Franciscan Spirit Blog

Owning Our Cultural Biases

Pope Francis walks with Argentine Rabbi Abraham Skorka, left, and Omar Abboud, a Muslim leader from Argentina, as he leaves after praying at the Western Wall in Jerusalem in this May 26, 2014, file photo. In his official proclamation of the Holy Year of Mercy, Pope Francis called for "fervent dialogue" between Christians, Muslims and Jews. (CNS photo/Paul Haring)

We’re living in a time when the far right and the far left in almost every institution are using the eccentricities and evils of the other end to justify their own extremes. There seems to be an emergence of reactionary and protectionist thinking all over the world, which then serves as justification for people’s overreacting on the political left. This ping-pong game has been so common in both the twentieth and twenty-first centuries, even within Christianity—which should know better by now—that Christianity, for many, has come to mean anti-intellectual, fanatically narrow-minded people.
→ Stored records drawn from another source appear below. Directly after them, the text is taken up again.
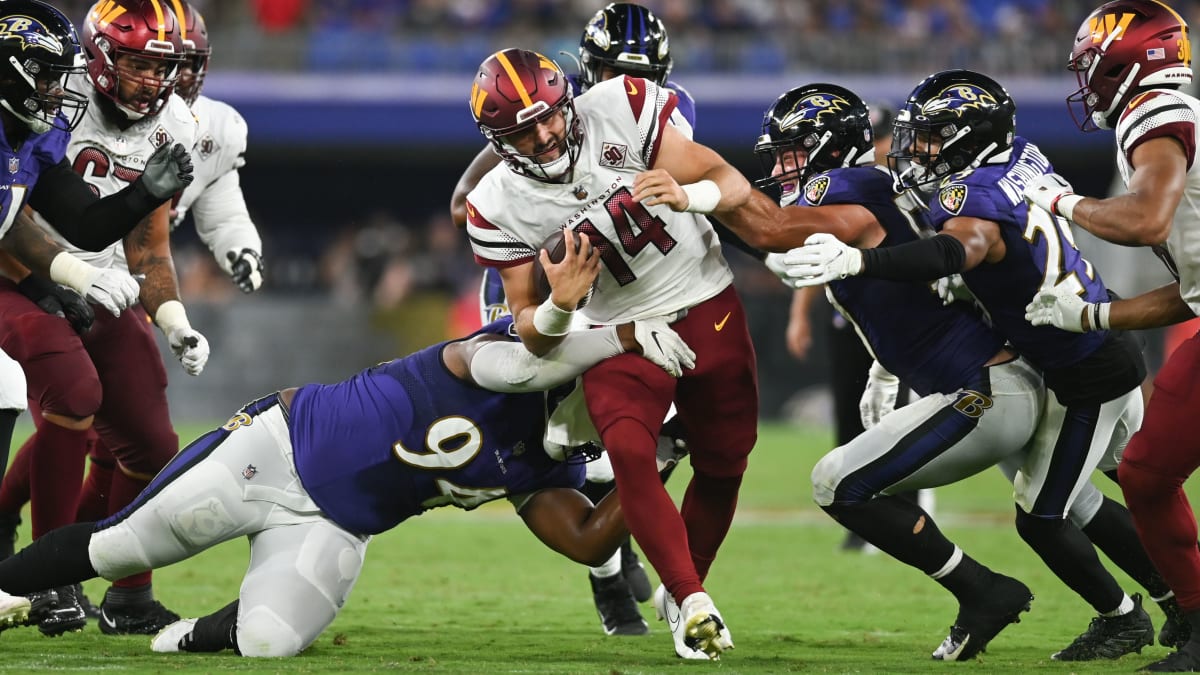 Washington Commanders' Joey Slye Knocks Late FG in Record-Snapping Win vs.  Baltimore Ravens - Sports Illustrated Washington Football News, Analysis  and More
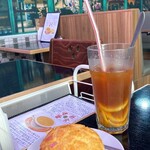 香港軽食 - 菠蘿包とレモンティー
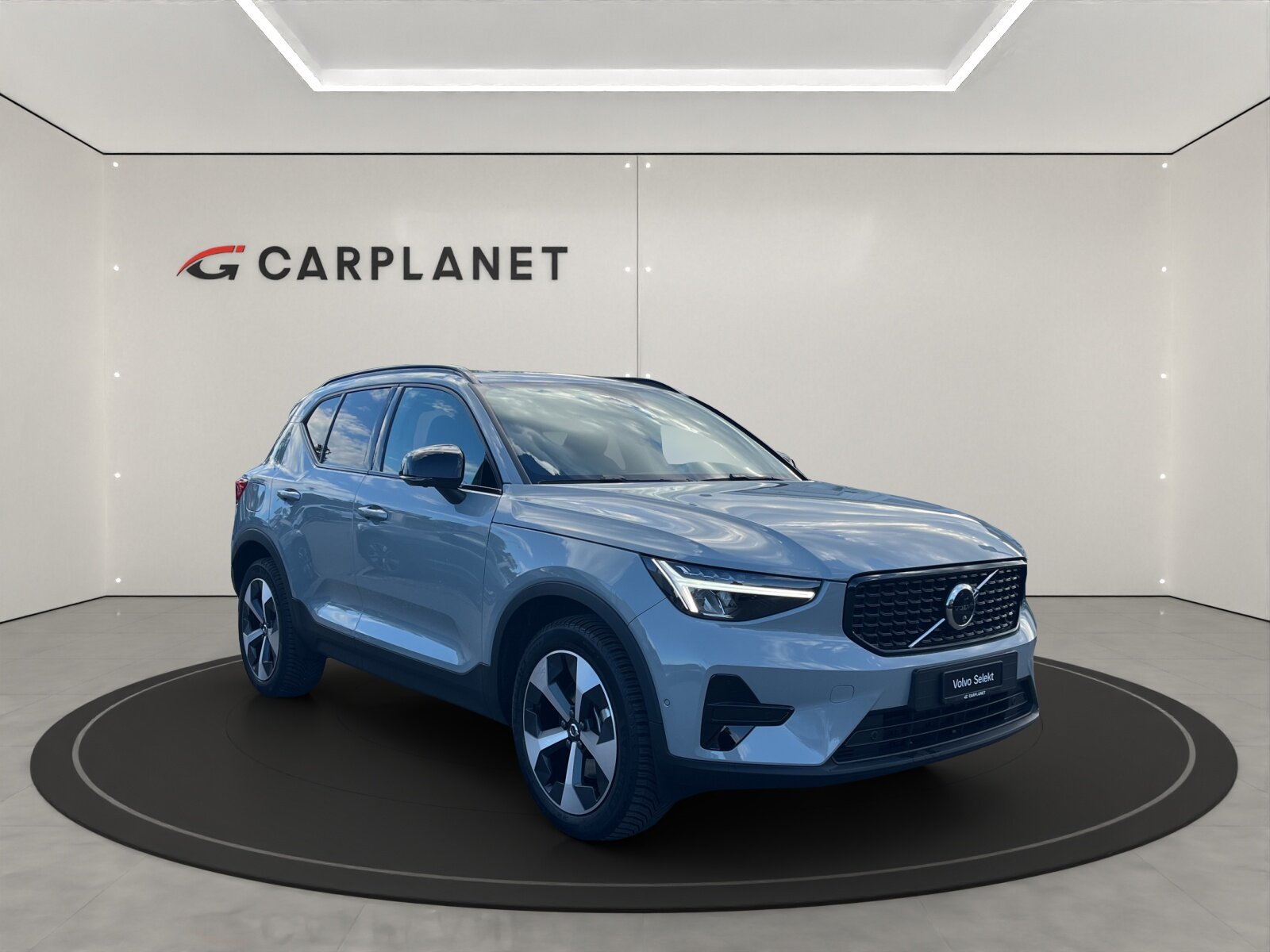 VOLVO XC40 2.0 B3 MH Plus Dark, Mild-Hybrid Benzin/Elektro, Occasion / Gebraucht, Automatik - 4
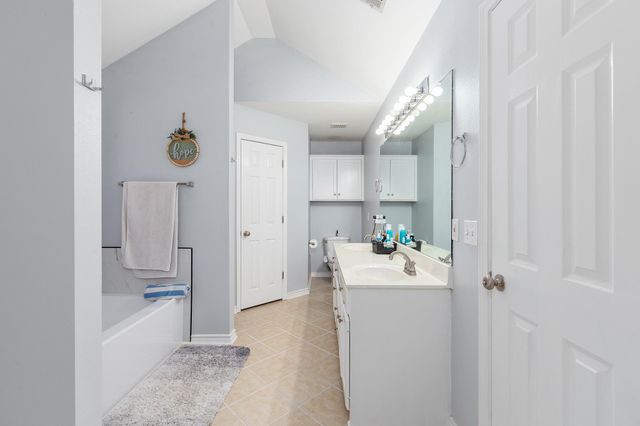 285 White Dove Drive, Lufkin, TX 75901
Christianity, for some, is neither faith nor reason—just reactive tribalism hiding behind the skirts of Mother Church. How sad it would be if the Great Tradition ever settled for so little.

I move in some circles where the word Christian, unfortunately, is a negative adjective. To them, “He’s a Christian” means he knows nothing about history, nothing about politics, and is probably incapable of civil conversation about anything. Five Bible quotes are the available answers to everything. How did we ever get to this low point after developing such a tradition of wisdom? How did we ever regress to such arrogance after the humble folly of the cross?

When there is no ability to build bridges to the other, or to even understand otherness, we know we are outside the pale of authentic Christianity. Surely Jesus came for more than self-congratulative societies who forever circle the wagons around their own saved identity and their own self-serving god!

Such trivializations of God’s greatness deserve to be ignored and avoided, even when the churches themselves get involved in such partisanship. Don’t waste time fighting it directly or you will become its casualty. Our motto is simple and clear: The best criticism of the bad is the practice of the better. Just go ahead and live positively, “in God, through God, with God.” In time, the fruits will be apparent. In the short run, you will hold the unresolved tension of the cross. In the long run, you will usher in something entirely new and healing.

This was the almost intuitive spiritual genius of Saint Francis. He wasted no time attacking the rich churches and pretentious clergymen, or even greedy tradesmen like his dad; he just went to the side and did life differently. He is remembered forever; they are lost to history.